• **Provided material**

────────────────────

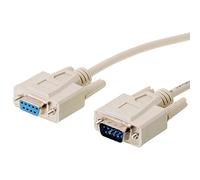 DELOCK 82984 - Cable serie, SUB-D 9, conector macho/conector hembra, 1 m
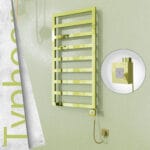 Radiva TYPHOON Elektrikli Paslanmaz Çelik Havlupan 500x1580 Altın (KTX1 Termostat) 600W Spiral Kablolu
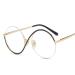 PARWANA Blue Light Blocking Eyewear Reading Glasses Round Oversized Computer Readers Anti Eye Strain Flat Light Mirror +0.00 Golden-black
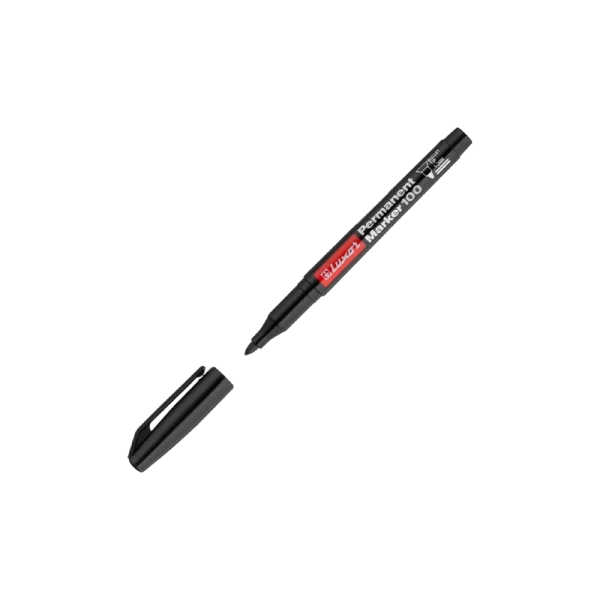 Маркер перманентный Luxor PERMAMENT MARKER 100 1.0-2.0 мм черный (1/12/144/1152)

────────────────────

• **What is needed**
Ignoring the pictures, write out word for word the lines from the line containing "Radiva TYPHOON Elektrikli" through the end of the material above.

• **Output below**
 Radiva TYPHOON Elektrikli Paslanmaz Çelik Havlupan 500x1580 Altın (KTX1 Termostat) 600W Spiral Kablolu
 PARWANA Blue Light Blocking Eyewear Reading Glasses Round Oversized Computer Readers Anti Eye Strain Flat Light Mirror +0.00 Golden-black
 Маркер перманентный Luxor PERMAMENT MARKER 100 1.0-2.0 мм черный (1/12/144/1152)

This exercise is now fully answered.